“Aí o que eu acho importante do livro é porque os meus netos, os meus bisnetos, eles vão ter lembrança, (…) através do livro eles vão saber, né?”, diz Tereza de Jesus Alves da Silva, quando questionada sobre a importância de documentar a memória oral da sua comunidade. Tereza e seus vizinhos, moradores da Reserva Extrativista Riozinho do Liberdade, no Acre, são os autores do recém-publicado “A Voz do Liberdade”. O nome do livro não é à toa. As 336 páginas da publicação lançada no final de março dão voz a 24 moradores da reserva extrativista (Resex) e documentam a memória da região e da sua identidade, forjada entre o ofício seringueiro, o modo de vida ribeirinho e a moradia na floresta amazônica.
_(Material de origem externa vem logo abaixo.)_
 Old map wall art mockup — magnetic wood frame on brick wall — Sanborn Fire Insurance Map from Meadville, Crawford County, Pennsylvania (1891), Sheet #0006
A reserva extrativista foi criada em 2005 e possui 21 comunidades, com aproximadamente 1.900 moradores. Com 325,6 mil hectares de extensão, a Resex abrange quatro municípios acreanos: Tarauacá, Cruzeiro do Sul, Porto Walter e Marechal Thaumaturgo. A região foi produtora de borracha até a década de 90. O fim da atividade extrativista deu início ao êxodo rural e as migrações das colocações do interior da floresta para as margens do rio Liberdade. Às margens do curso d’água, que dá nome à reserva, formaram-se as comunidades tradicionais do Liberdade e a articulação de lideranças locais que resultou na criação da área protegida de uso sustentável.
No livro, contam-se as histórias como a de dona Alcirema Cordeiro, uma senhora de cabelos brancos que não sabe ao certo quantos anos tem, mas recita de cor como era feito o corte da seringa na mata na época que a borracha ainda era a principal fonte de renda na região. “Ele [seu marido] plantava roça só pra nós comer. A gente vivia da seringa…”, lembra Alcirema em uma das entrevistas transcritas no livro.
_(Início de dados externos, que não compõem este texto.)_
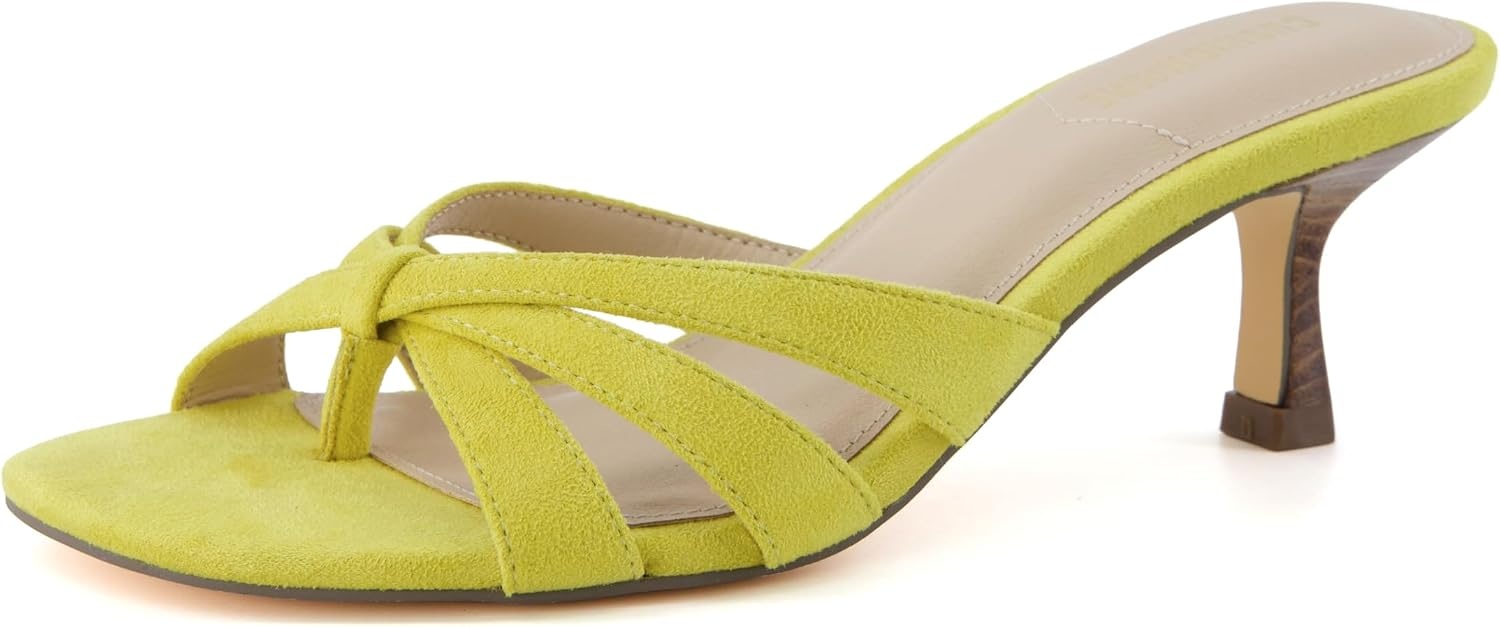image:imageCUSHIONAIRE Malta Strappy Kitten Heels for Women Dressy Open Toe Low Heel Sandals with Memory Foam ComfortYellow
O livro é resultado de um processo de três anos conduzido pelo Instituto Fronteiras junto às comunidades do Riozinho Liberdade e está disponível gratuitamente na biblioteca virtual da organização acreana.
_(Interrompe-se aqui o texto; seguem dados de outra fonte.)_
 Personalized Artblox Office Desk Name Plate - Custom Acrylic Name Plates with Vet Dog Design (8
“Tínhamos um objetivo em comum: escrever um livro sobre a história do Liberdade que partisse da experiência marcada na memória de seus moradores, e no qual eles próprios se reconhecessem como ‘escritores da própria história’”, descreve a coordenadora do Instituto Fronteiras, Karla Sessin Dilascio.
O projeto também reuniu autobiografia, poemas e as “crônicas multifônicas”, que são um recorte destas autobiografias e histórias de vida a partir de temas de interesse da comunidade, detalha Karla, como o tempo da borracha, a caça, a chegada da BR-364 e a criação da Resex.
“Este livro é uma história de autoria coletiva através de vários moradores do rio Liberdade, onde resgata as memórias do passado. Foi discutido, pensado e construído coletivamente e traz o empoderamento do presente pensando o futuro para novas gerações com o objetivo de valorizar a todos que residem na Resex Riozinho da Liberdade”, explica Maria Renilde, a popular “Branca”, líder de uma das comunidades do rio Liberdade e presidente da Associação Feminina Mulher Flor.
Um financiamento coletivo ajudou a viabilizar o projeto, que também contou com apoio do Instituto Chico Mendes de Conservação da Biodiversidade (ICMBio), órgão gestor da Resex, e da Universidade Federal do Acre – Campus Floresta (UFAC/Floresta).